Connections are the bedrock of life. Nourishing. Fulfilling. Enjoyable. Engaging. Supportive. Of course, they can be challenging, too. All manner of complications, conflict, and resentment can be caused by miscommunication, misunderstandings, disagreements, and dysfunctional patterns — not to mention the pressures of everyday life.
It’s not hard to see why. People coming together is a meeting of minds — different people, different ways of thinking, and different sets of values, beliefs, and ideas rooted in very different childhoods and life experiences. While holidays like Valentine’s Day might well be a celebration of love and romance, they also present a great opportunity to go inward and do some self-work with all relationships in mind: your spouse, partner, relatives, friends, and colleagues, even yourself.
This month we’re taking a look at connections. Starting with ourselves first — obvi. Then moving to relationships, communication and lastly in these times of weird, weird social interactions we’re diving deeper into the importance of connections and why we should cherish and nurture them.
Can’t wait to virtually connect with all of you this February!
February 28th — we made it — together! Thank you for joining us in our month of Connection. We know it’s been a difficult one. There’s something about February that has us feeling a bit lost but we hope that these weekly check-ins have been valuable and helpful through the winter slump.

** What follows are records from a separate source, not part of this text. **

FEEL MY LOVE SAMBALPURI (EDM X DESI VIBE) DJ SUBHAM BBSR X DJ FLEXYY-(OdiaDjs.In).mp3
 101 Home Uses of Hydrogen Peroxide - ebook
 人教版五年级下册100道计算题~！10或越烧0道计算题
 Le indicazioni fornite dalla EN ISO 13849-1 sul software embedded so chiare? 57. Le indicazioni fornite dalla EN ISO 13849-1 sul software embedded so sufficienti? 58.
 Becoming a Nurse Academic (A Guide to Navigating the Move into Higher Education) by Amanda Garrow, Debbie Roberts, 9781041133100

To wrap things up we wanted to remind ourselves of the importance of connection and the proper ways to go about filling up our tanks.
After all, there’s a ton of scientific research that says almost nothing is more important to your well‑being than connecting with other people. Friends offer support in times of stress. They boost our optimism, confidence, and willingness to try new things, plus they’re great buffers against anxiety and depression.
And it’s hard, we get that. Not everyone is blessed with the gift of gab and for many of us the thought of “putting ourselves out there” is very unappealing.
But let’s start with the basics.
Strengthen your weaker ties: You know those acquaintances you have at the gym, or dog park. The good news is that it doesn’t take much effort to cultivate these low-stakes relationships. Often it’s just exchanging pleasantries when you see another regular in the elevator (put your phone down and make eye contact!) or seek them out for connection on social media. You don’t have to become besties, but having a meaningful chat beyond just a chin nod, makes everyone feel good!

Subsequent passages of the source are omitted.